U-M physicians join Institute of Medicine to recommend strong CPR training improvements
The Institute of Medicine recently called for our nation’s health care system to foster a culture of action surrounding cardiac arrest, which means making sure more Americans know how to respond in such an emergency. As the estimated third leading cause of death in the U.S. behind cancer and heart disease, cardiac arrest is a major public health issue.
“There really is no other disease in which the action of bystanders, family or acquaintances is so important,” says Robert Neumar, M.D., Ph.D., U-M’s chair of emergency medicine and the American Heart Association’s lead of emergency cardiovascular care. “We know that bystander CPR doubles a patient’s chance of survival.”

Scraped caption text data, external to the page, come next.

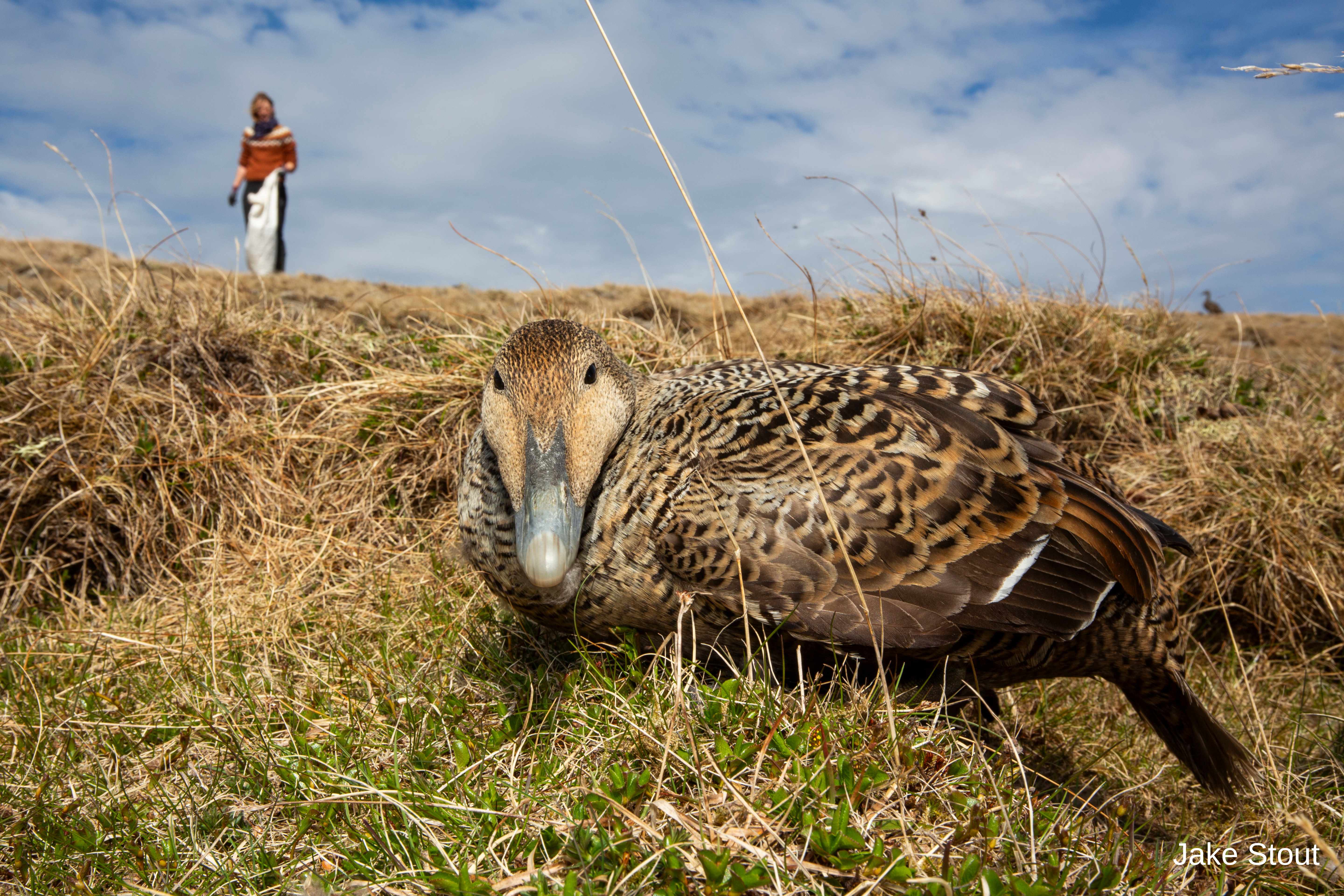 Eider duck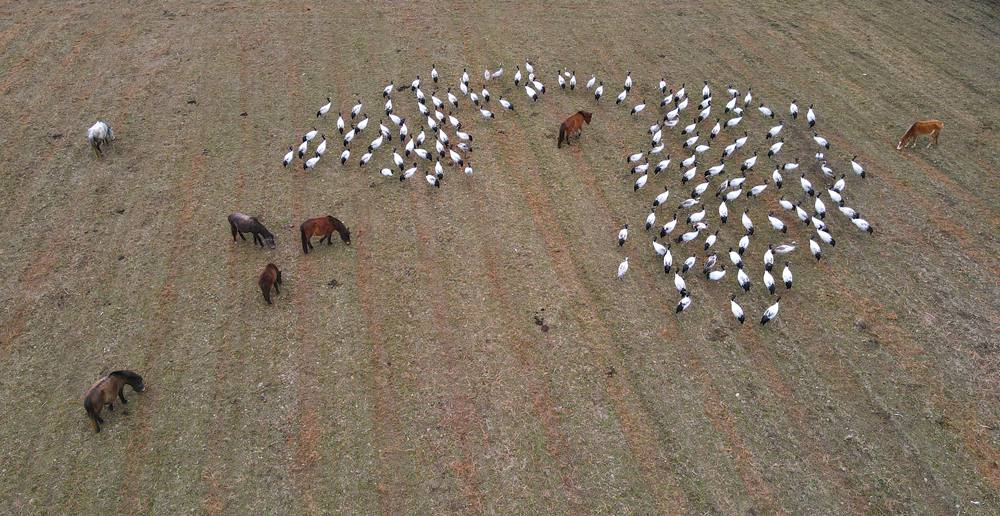 覓食中的黑頸鶴。益西旦增攝
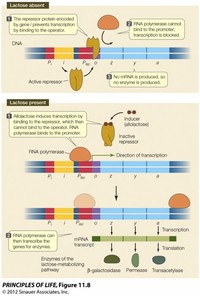 Inducible Operon System 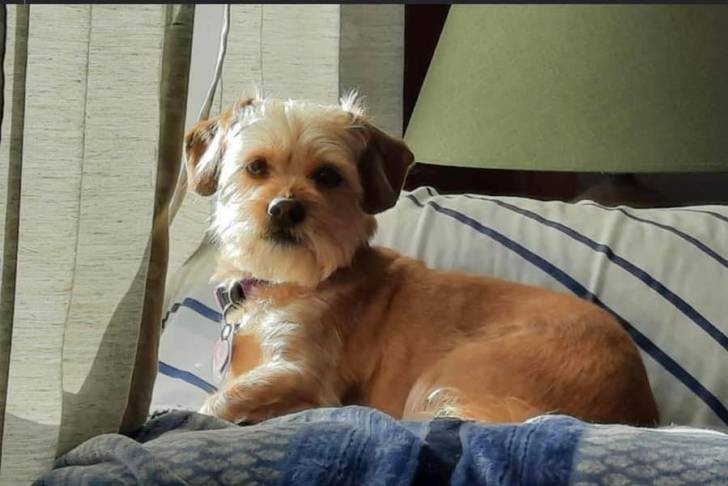 Un Schweenie confortablement allongé sur un lit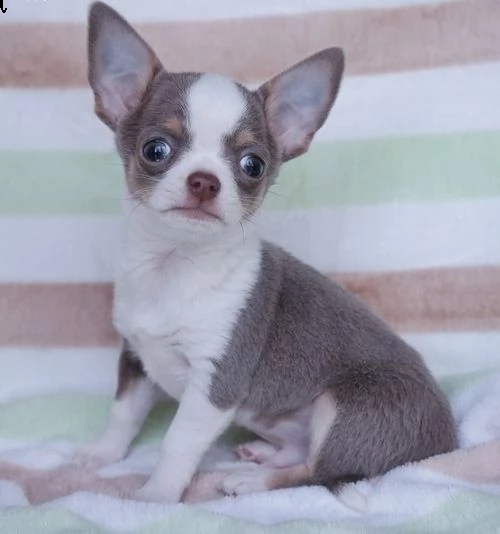 cuccioli di chihuahua | Foto 1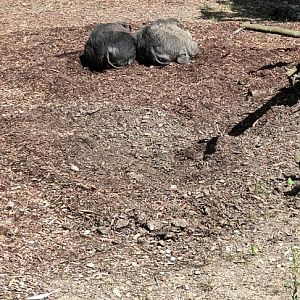 Visayan warty Pigs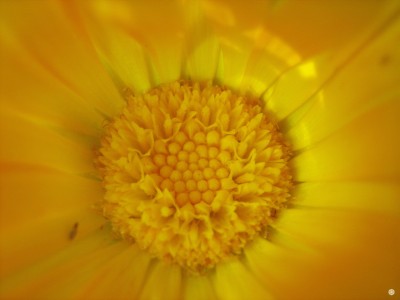Ringelblume - Calendula officinalis....JPG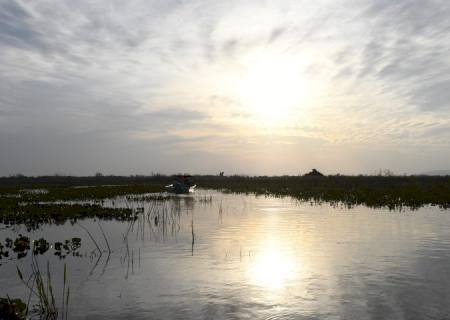 Instrumento para preservação e desenvolvimento, Lei do Pantanal tem reconhecimento de entidades e ONGs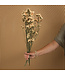 Salmon-coloured Dried Bulrush | Salmon-coloured Statice Sinuata dried flowers | Length ± 70 centimetres | Can be ordered per bunch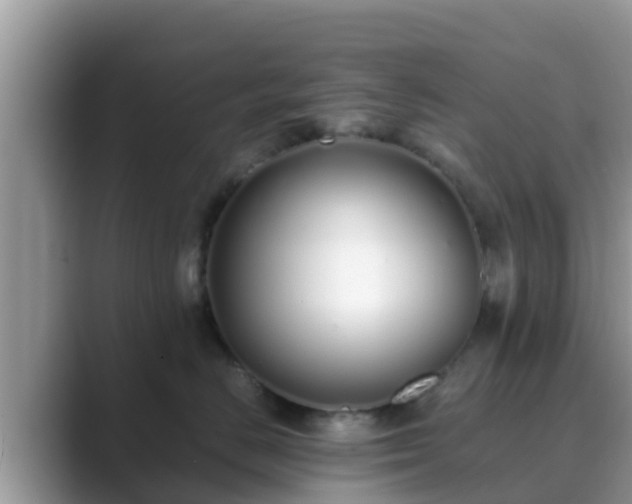 X0000089890670200707051229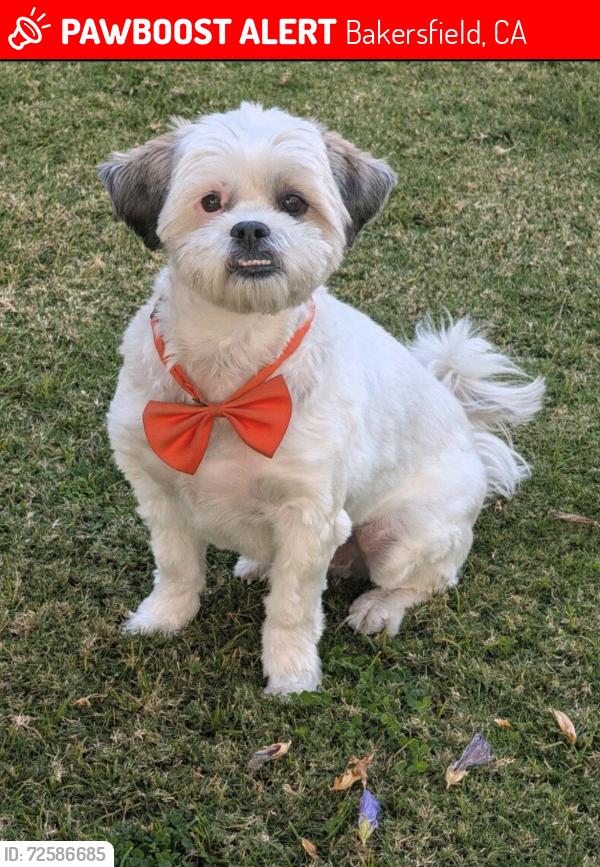Lost Male Dog last seen Old Castle ave & Arkers , Bakersfield, CA 93313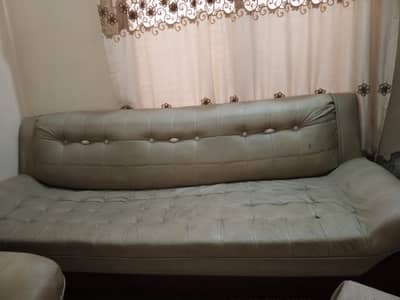 3+1+1 seater leather poshish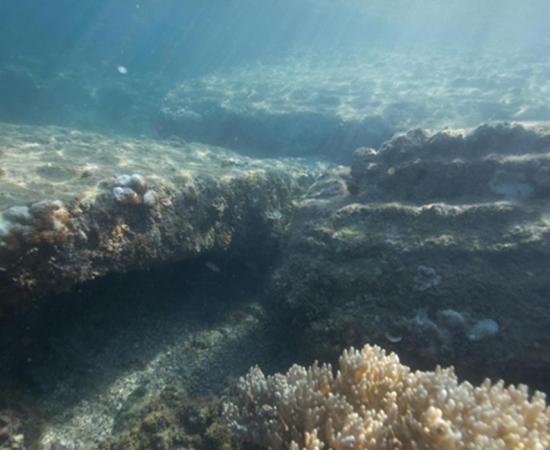 2,000-Year-Old Lost City of Rhapta May Have Been Found in Tanzania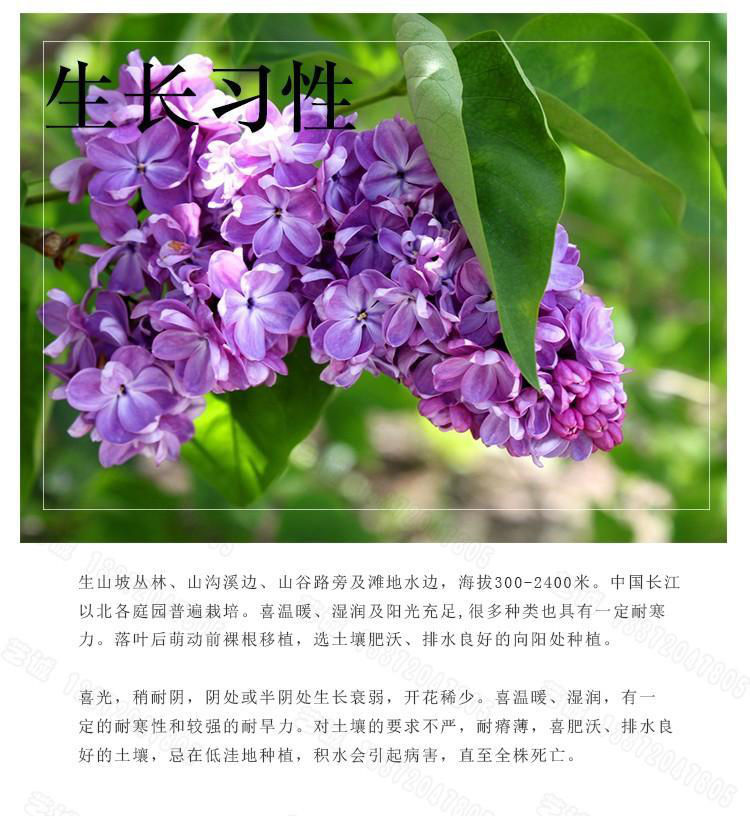 丁香花多季开花浓香南北方室内盆栽大型户外庭院绿化园林地栽浓香型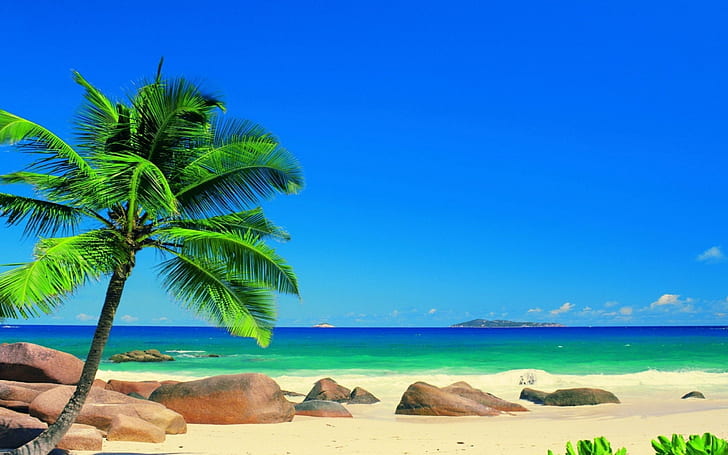 Paisajes Playa Mar 2560 × 1600, Fondo de pantalla HD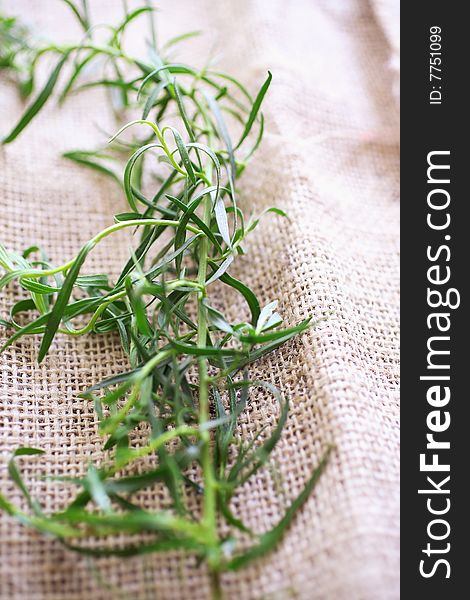 Tarragon spice on tablecloth on table. Tarragon spice on tablecloth on table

Dr. Neumar was featured in national AP coverage of the CPR training recommendations. Some of the recommendations include:
- Expand CPR training, including in schools, with automated external defibrillators (AEDs) and dispatcher-assisted CPR.
- Establish a national registry of cardiac arrest to monitor performance.
- Increase funding for cardiac arrest discovery and implementation research to increase survival rates.
“Working together, we can save thousands of lives every year in the U.S.,” says Neumar.
Brahmajee Nallamothu, M.D., a U-M interventional cardiologist and longtime researcher on inpatient CPR and cardiac arrest care, was part of the IOM panel that prepared the report.
“Cardiac arrests can be devastating events, but they are also treatable,” Nallamothu says. “Many communities have developed integrated systems of care to provide high-quality treatment and save lives.”
The proposed registry of cardiac arrest would help professionals to identify problems and track progress and best practices nationwide.